Nun möchten seine Tochter Claire Vosk und zwei seiner Enkel, Adrian und Andrew, seine "Mission" fortführen und das Gespräch mit deutschen Schülern suchen. Vor zwei 12er-Klassen des Balinger TGs berichtete Claire Vosk über den Leidensweg ihres Vaters in der letzten Kriegsphase, aber auch vom Neubeginn in Australien und den eigenen Erfahrungen als Tochter zweier Holocaust-Überlebender.

"Kann man in so einer Familie überhaupt eine normale Kindheit haben?", fragte sie selbst und gab eine bemerkenswerte Antwort: Gerade die Tatsache, dass Otto Gunsberger Schlimmes mitgemacht und viele Verluste erlitten hatte, habe ihn zu einem besonders liebevollen Vater gemacht.

Wenn zuhause über den Holocaust gesprochen wurde, dann sei das immer ohne Hass geschehen, ohne die Deutschen als Volk zu verurteilen. Im Gegenteil: Gunsberger habe immer die Menschen besonders herausgestellt, die damals geholfen hatten.

Geschichte, so schrieb Gunsberger wenige Tage vor seinem Tod als Widmung in ein Buch, könne auf zwei Arten vermittelt werden: Die eine schüre Hass, die andere vermittle Toleranz. Er selbst habe sich immer der zweiten Variante verpflichtet gefühlt.

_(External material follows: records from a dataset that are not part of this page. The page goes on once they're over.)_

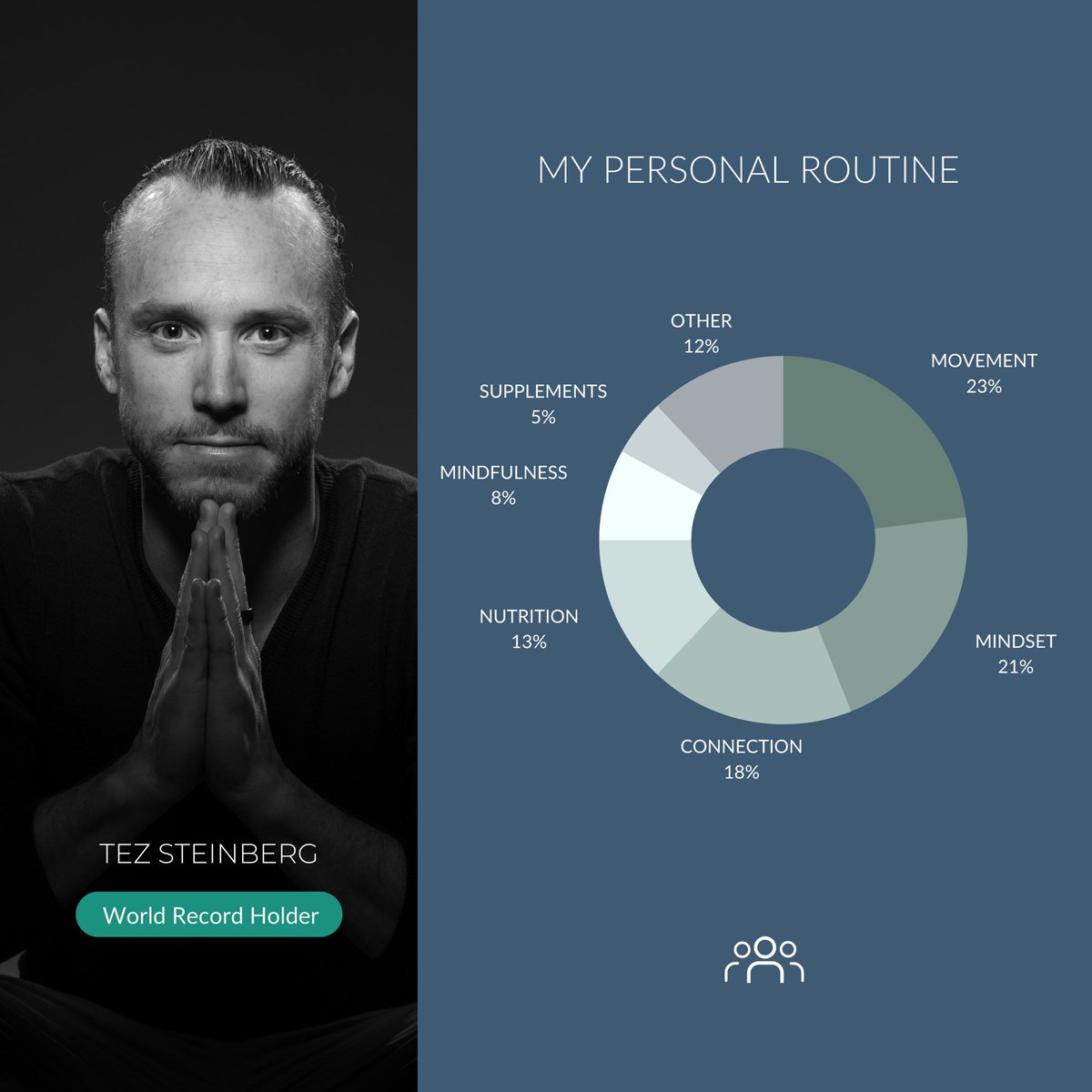 Aaron Houghton tweet media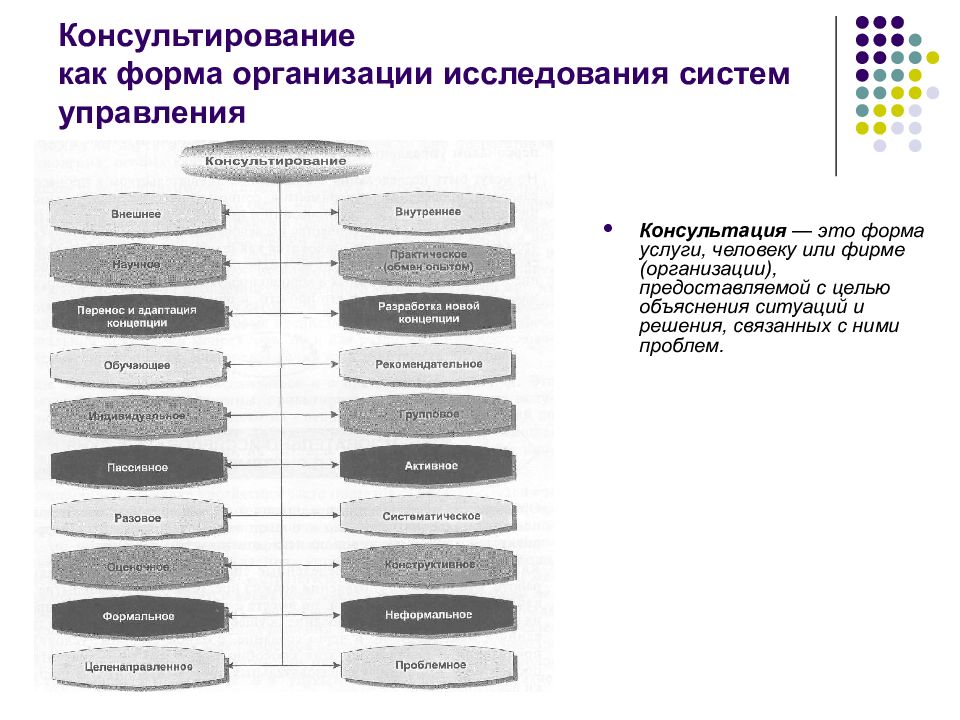 Организационные исследования. Формы организации исследования. Формы организации исследования систем управления. Формы управления организацией. Этапы исследования системы управления организации:.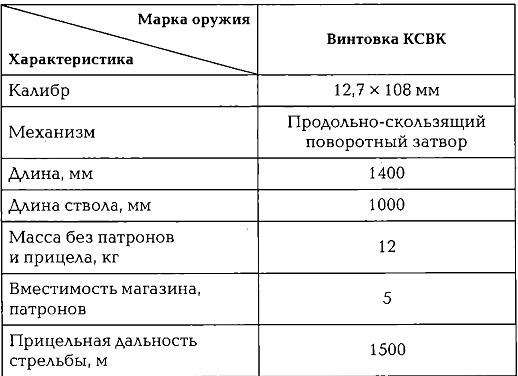 Иллюстрация к книге — Энциклопедия спецназа стран мира [img79A8.jpg]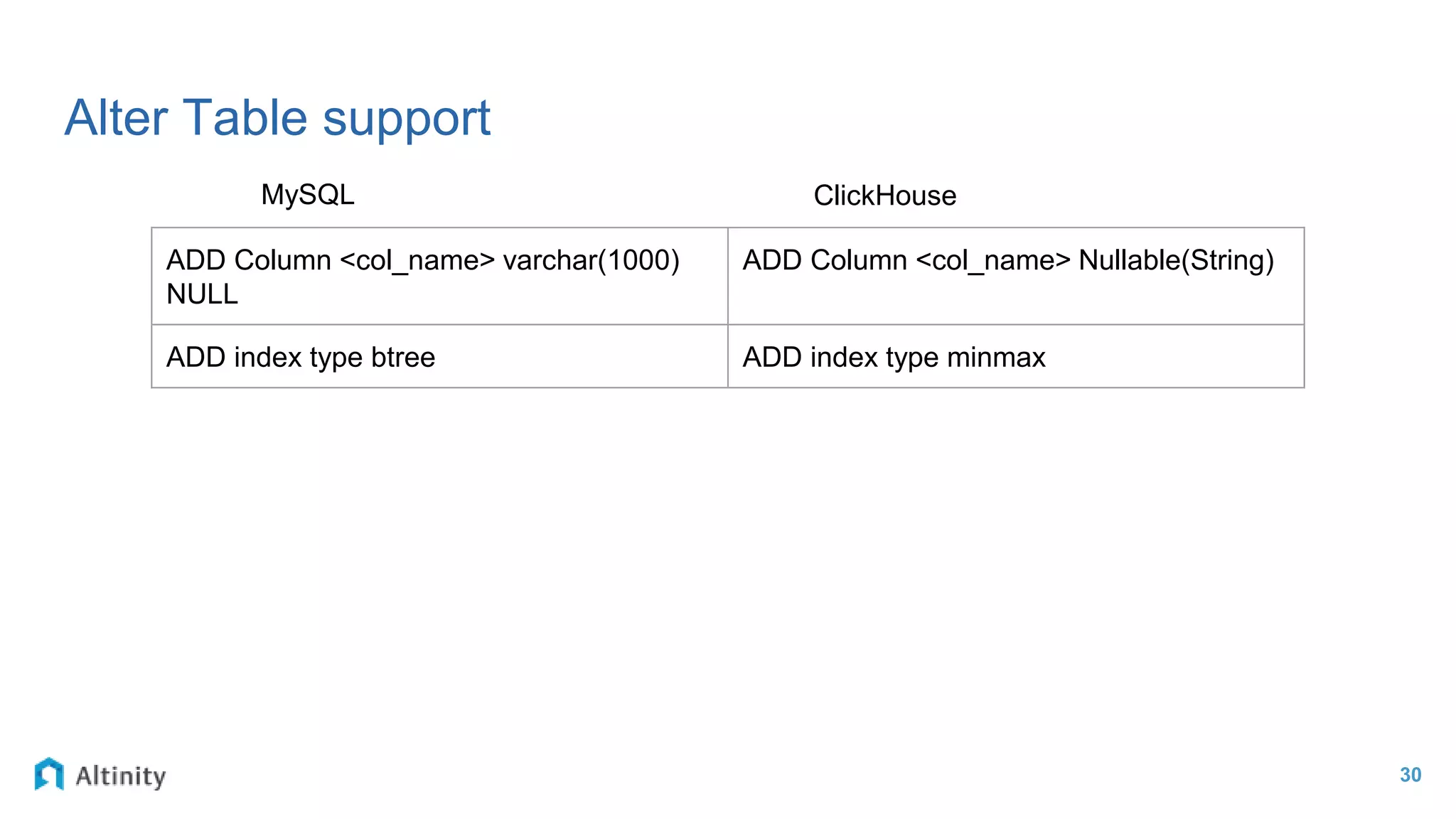 Alter Table support
30
ADD Column <col_name> varchar(1000)
NULL
ADD Column <col_name> Nullable(String)
ADD index type btree ADD index type minmax
MySQL ClickHouse
 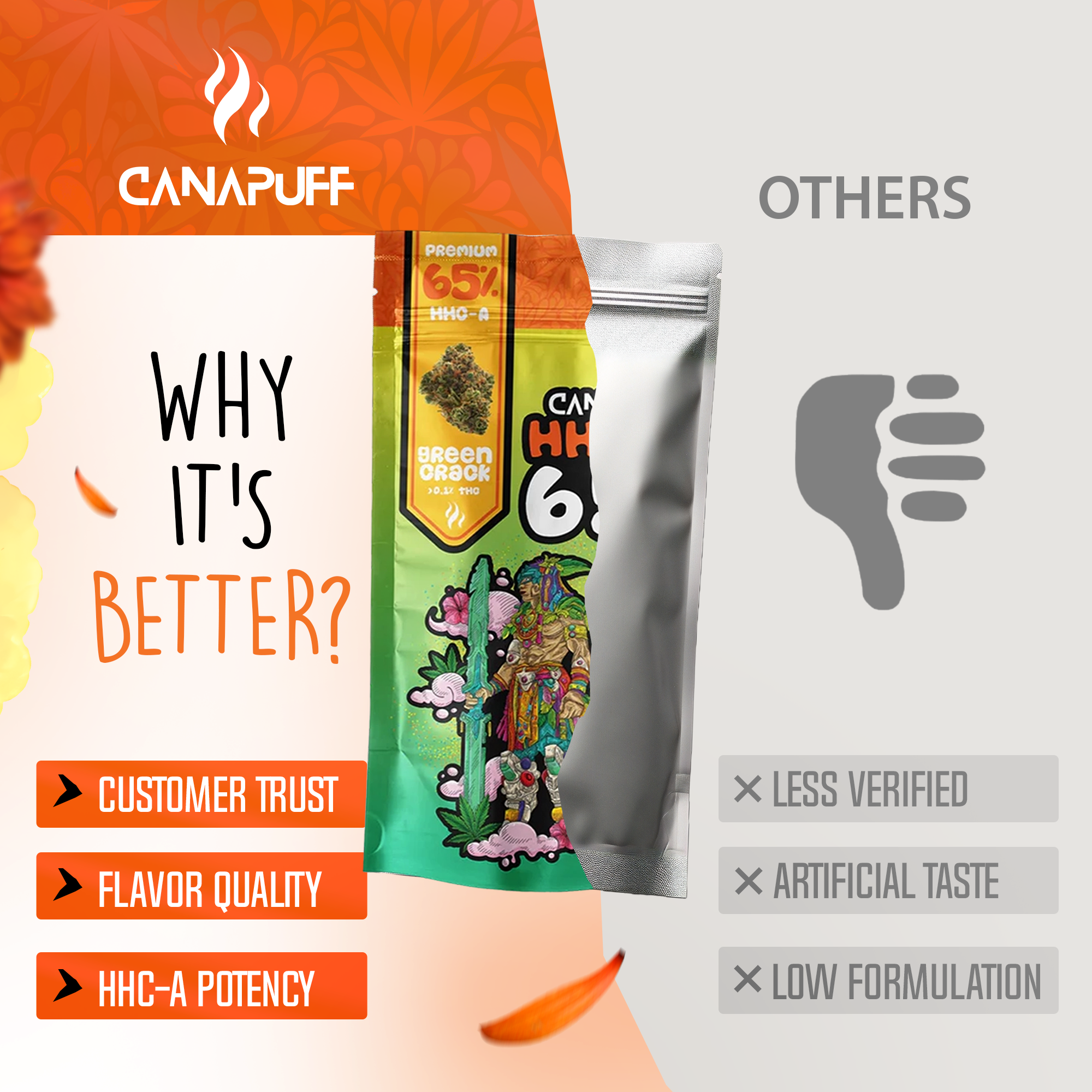 Canapuff - Green Crack 65% - Flores HHC-A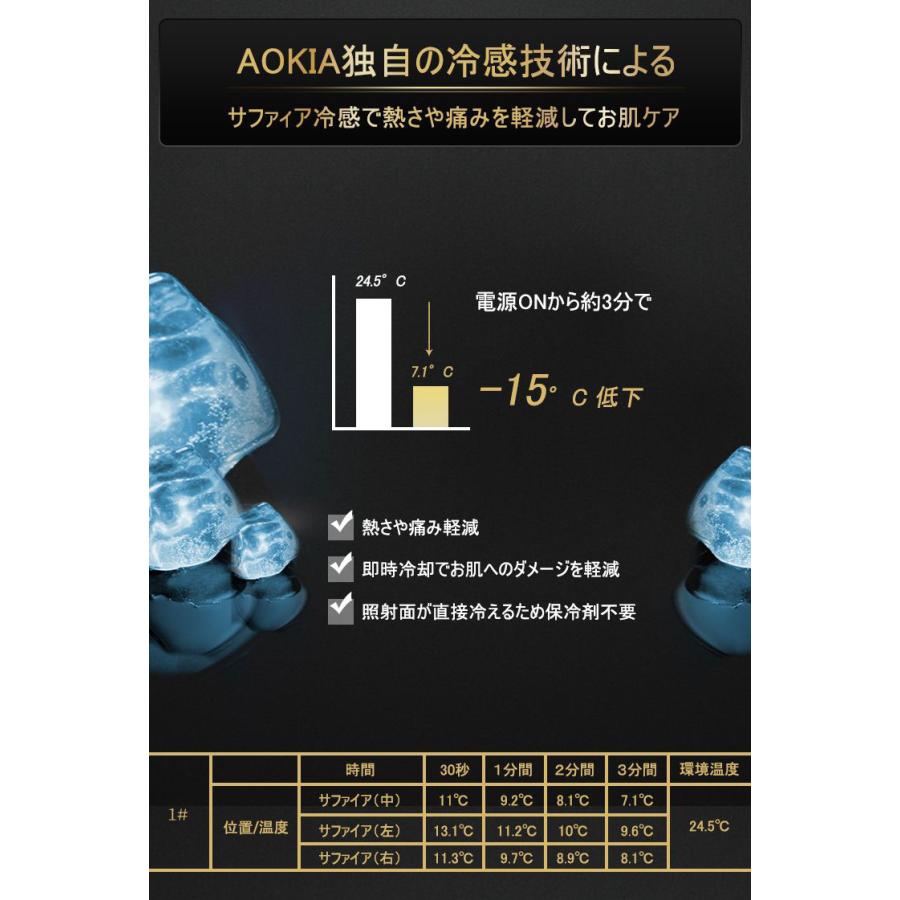 AOKIA ハイパワー IPL光脱毛器 JR8 冷感サファイアHIPL光脱毛器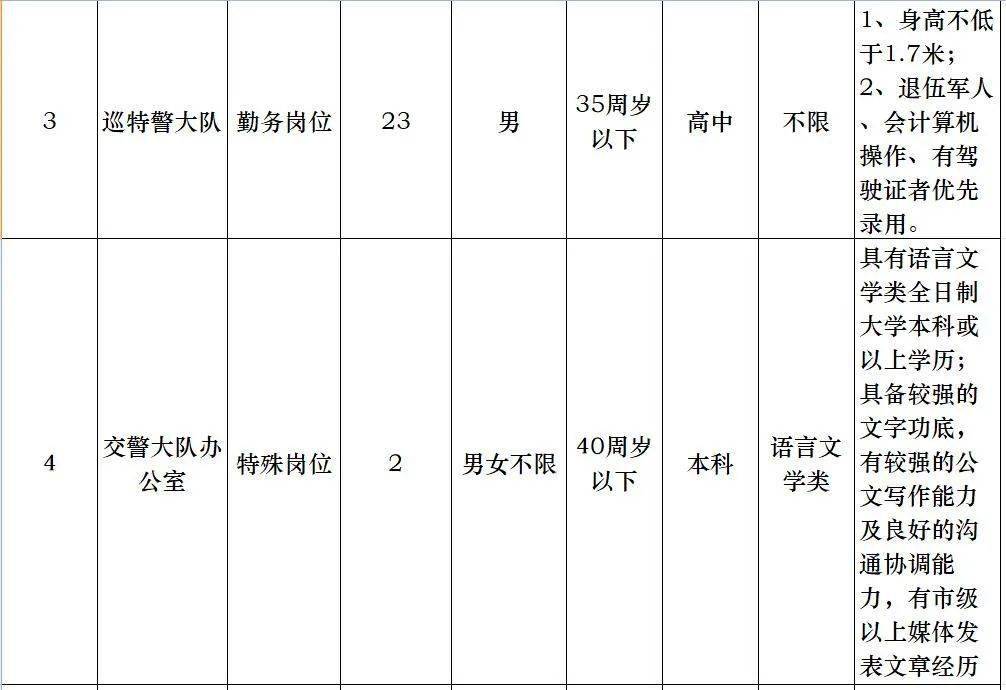 天津辅警收入证明 来自搜狐网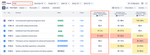 Time Metrics Tracker Table view.png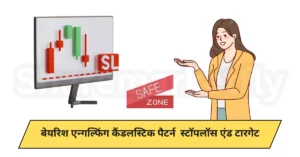 Bearish Engulfing candlestick pattern in hindi ( Stoploss and Target )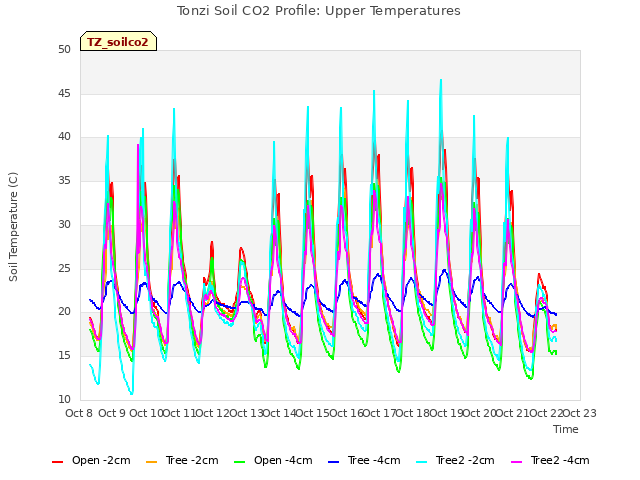 plot of Tonzi Soil CO2 Profile: Upper Temperatures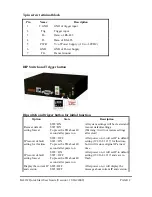 Preview for 2 page of ICP DAS USA M-4132 Quick Start User Manual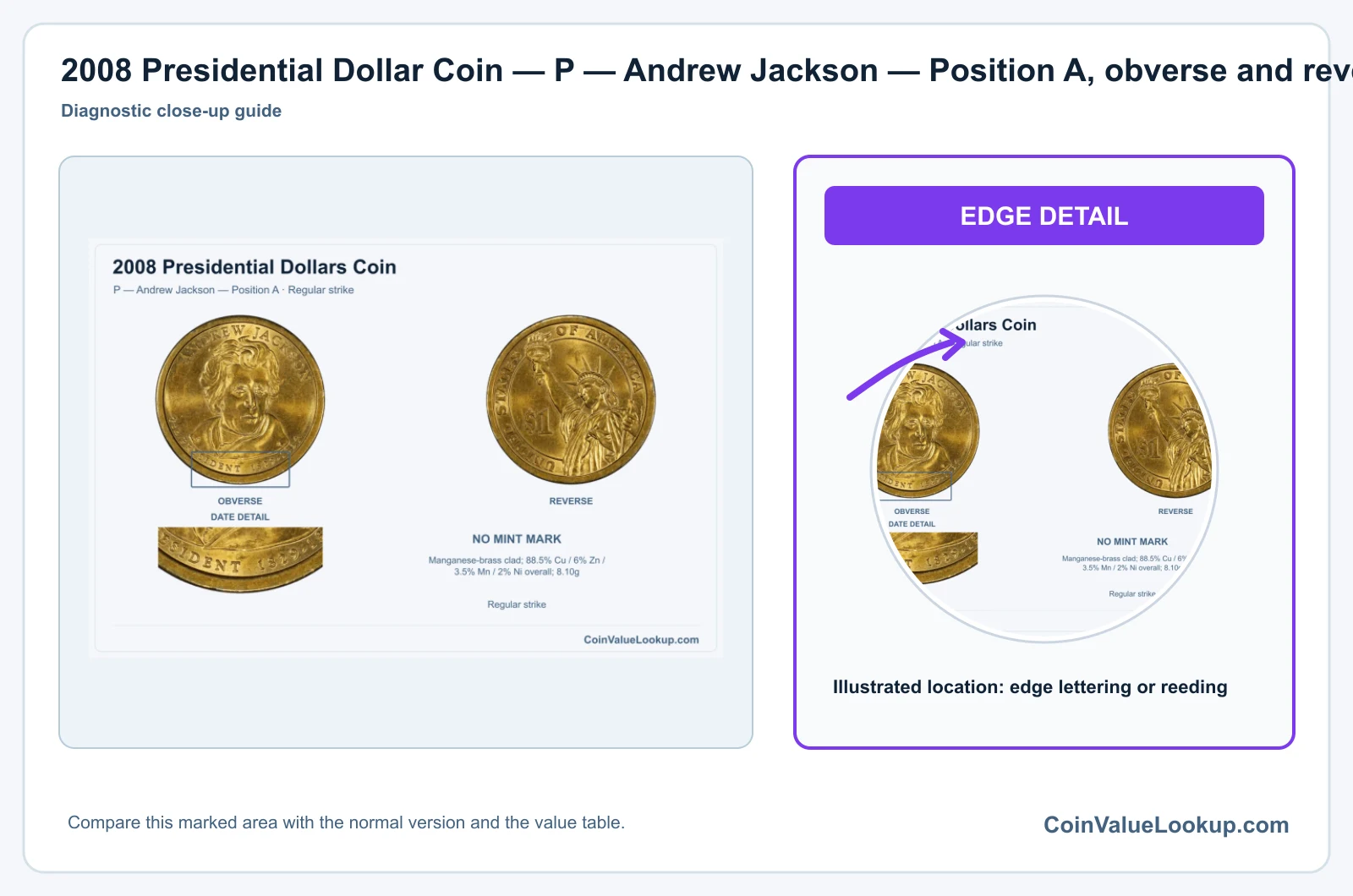 2008 Presidential Dollar Coin — P — Andrew Jackson — Position A, obverse and reverse, with date and mint-location details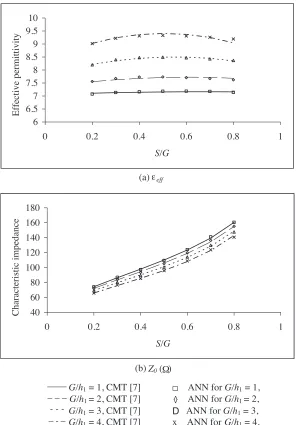 Figure 8.The comparison of the quasi-static analysis results andANN results for CCPS with a single dielectric layer as a functionof the shape ratio S/G for diﬀerent values of G/h1 (εr1 = 12.9,εr2 = εr3 = 1 and h1 = 762 µm):(a) eﬀective permittivity; (b)characteristic impedance.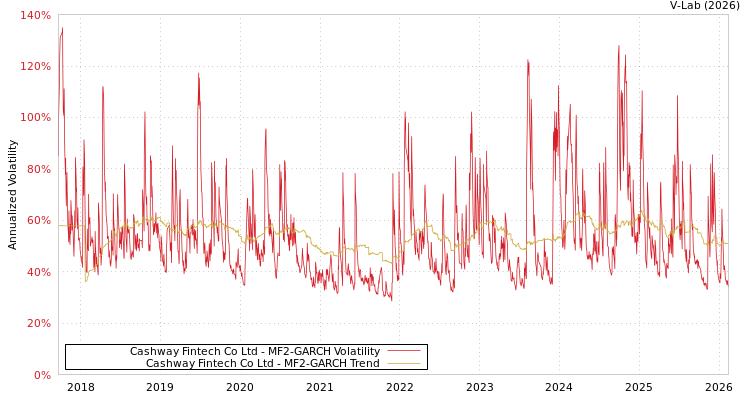 graph of Cashway Fintech Co Ltd MF2-GARCH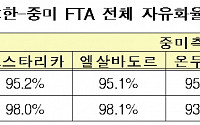 한-중미 FTA 가서명 완료…빠른 시일 내 발효 노력키로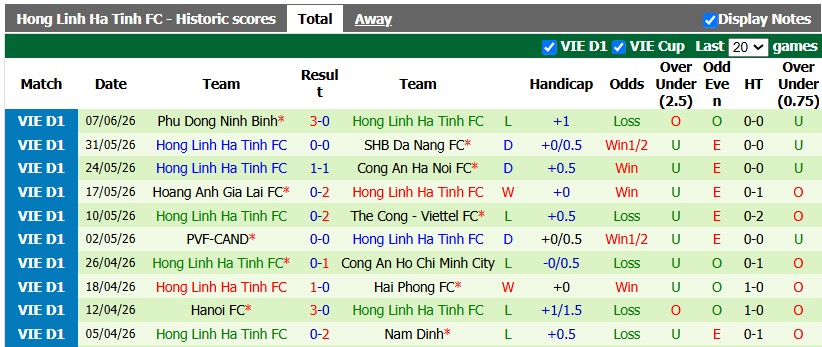 Nhận định, soi kèo CA Hà Nội vs Hà Tĩnh, 19h15 ngày 5/9: Khởi đầu suôn sẻ - Ảnh 2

Dass dies auf die Enkel abgefärbt hat, zeigte der 20-jährige Adrian: Er bat die TG-Schüler, die Opfer des Holocaust nicht zu vergessen. Gerade in Zeiten, in denen Ressentiments aufflackerten, sei wichtig, Frieden und Toleranz zu praktizieren und sich der Suche nach Sündenböcken entgegenzustellen.